America, the land of inequality

New studies reveal that the social divide between rich and poor in the US has grown much starker in the current economic crisis, and that even before it hit the country was the most unequal of the advanced economies, with great wealth and extreme poverty having become virtually hereditary conditions.

President Barack Obama has done nothing to reverse decades of wage stagnation, mounting poverty, and attacks on the social welfare system. On the contrary, following George W. Bush, he has seized on the crisis to redistribute wealth to a tiny financial elite through the ongoing bailout of the finance industry.

This demonstrates a fundamental political reality: no reform that benefits the broad masses can come from a government and two-party system so openly in the clutches of Wall Street. The financial aristocracy’s grip over all the levers of state power must be broken by the working class, independently mobilized behind a socialist program.

The impoverishment of the working masses amidst the current economic crisis is documented by a recent report from Northeastern University analyzing unemployment in 2009, based on income data for the previous year.

Unemployment in the fourth quarter of 2009 for those in the bottom 10 percent of household earnings was at the Depression level of 31 percent. A broader measure of unemployment, the labor market underutilization rate—which combines unemployment, underemployment, and those who have fallen out of the workforce because they have ceased actively searching for work—was over 50 percent among the bottom decile of earners, for the second decile, 37.6 percent, and for the third and fourth lowest income deciles, 17.1 percent and 15 percent, respectively. For the top 10 percent of earners, the underutilization rate was 6.1 percent.

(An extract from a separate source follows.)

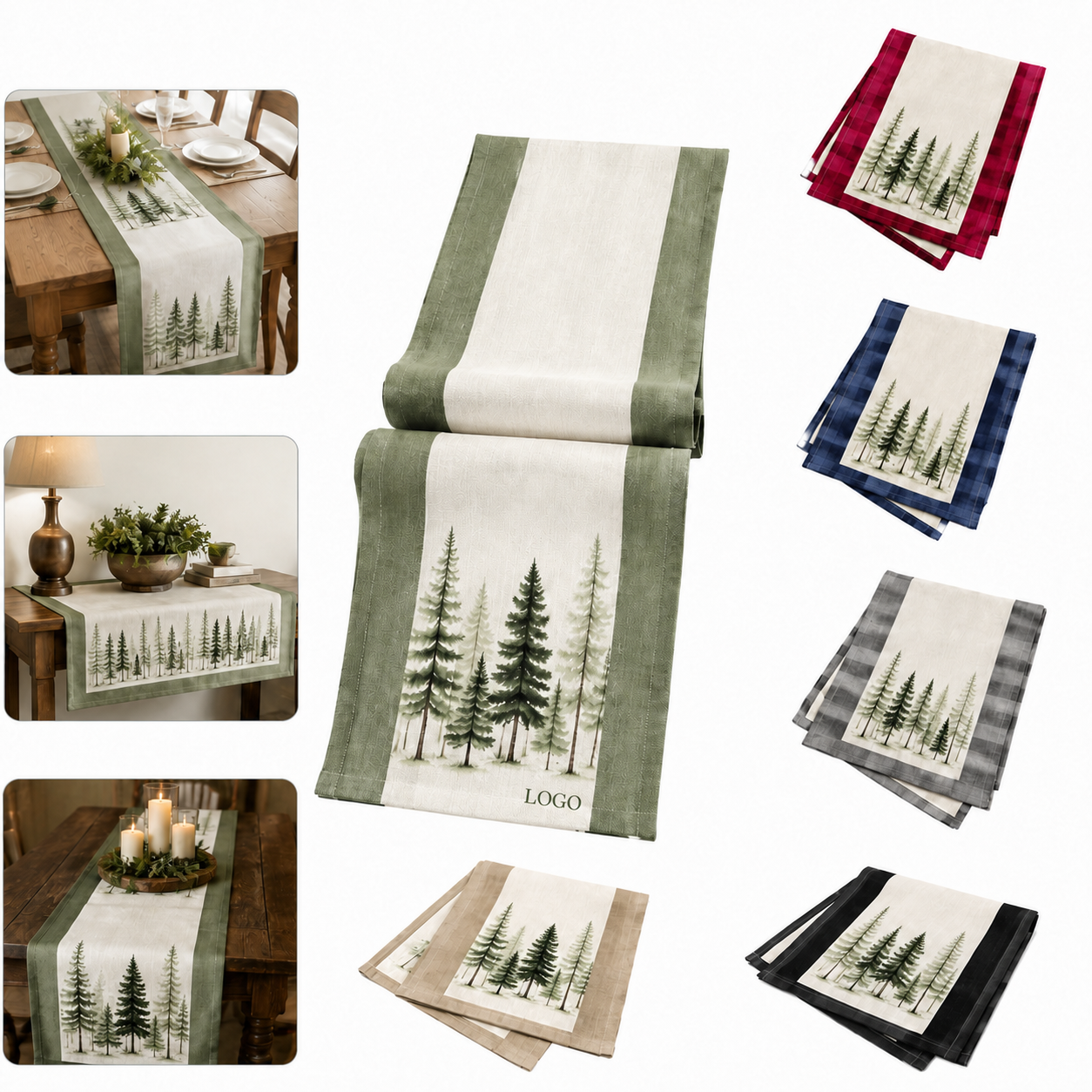 Personalized Machine Washable Christmas Table Runner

The data is indicative of “a true Great Depression,” according to the report, yet “there was no labor market recession for America’s affluent.”

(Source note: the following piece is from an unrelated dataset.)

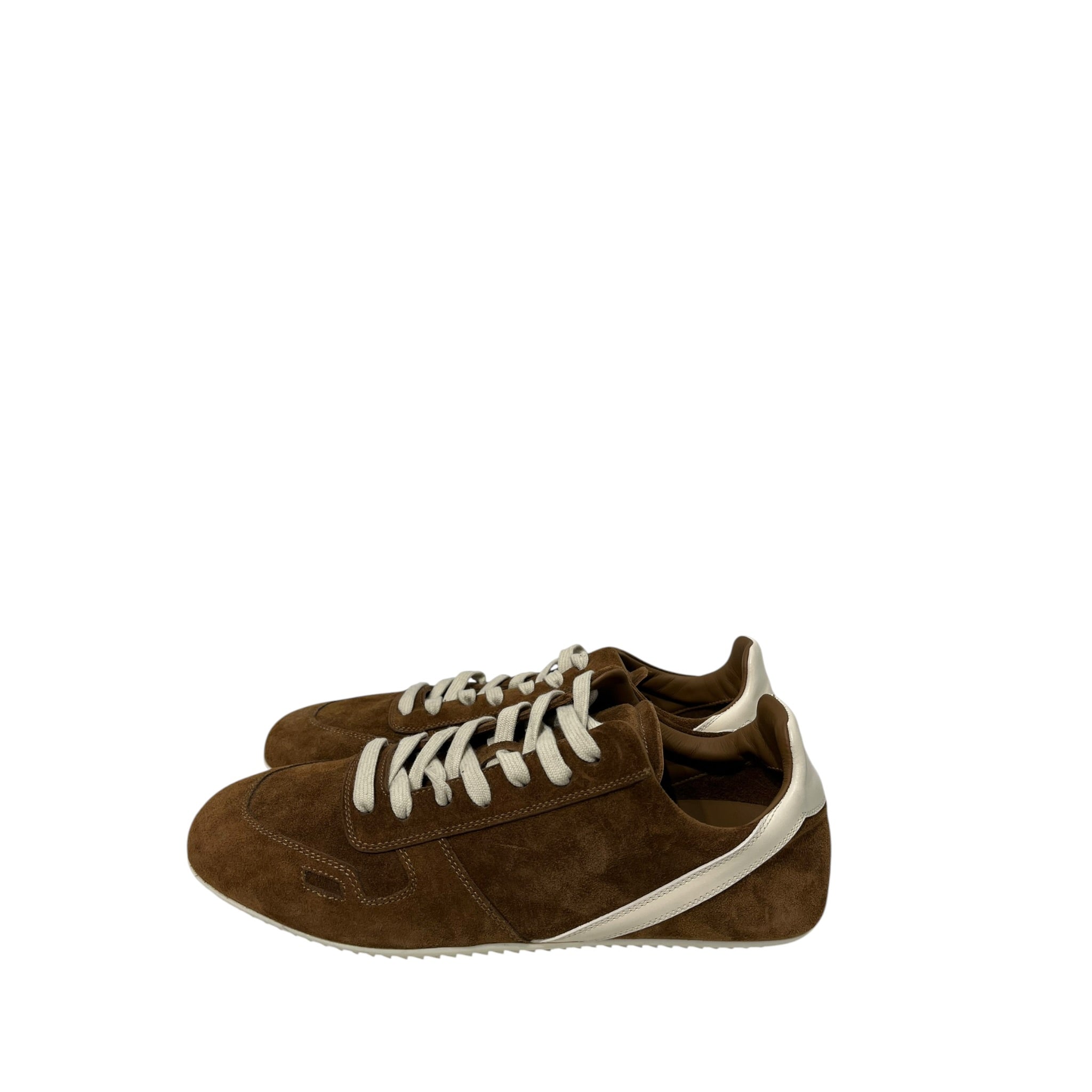 Rick Owens/Low-Sneakers/EU 41/Suede/CML/minimal sneaker white trim view 3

The sharp polarization that reveals itself in fabulous wealth for a handful, on the one hand, and unemployment, wage cuts, homelessness and hunger for broad layers of working people on the other, marks an intensification of longer-term trends.

According to the Economic Policy Institute (EPI), “While many middle-income families have lost jobs, homes, and retirement savings during the latest recession, their economic woes date back much further.” In the 30 years before 2008—the onset of the current crisis—nearly 35 percent of total income growth in the US was cornered by the top one-tenth of 1 percent of income earners. The bottom 90 percent shared only 15.9 percent of income growth in the same period.

According to the United Nation’s Gini coefficient, which measures the national distribution of family income, the US had the highest level of inequality of the highly industrialized countries, based on the data available in 2008. It was ranked as slightly more unequal than Sri Lanka, and on a par with Ghana and Turkmenistan. In the Central Intelligence Agency World Fact Book’s Gini ranking for 2008, the US fell just behind Cameroon.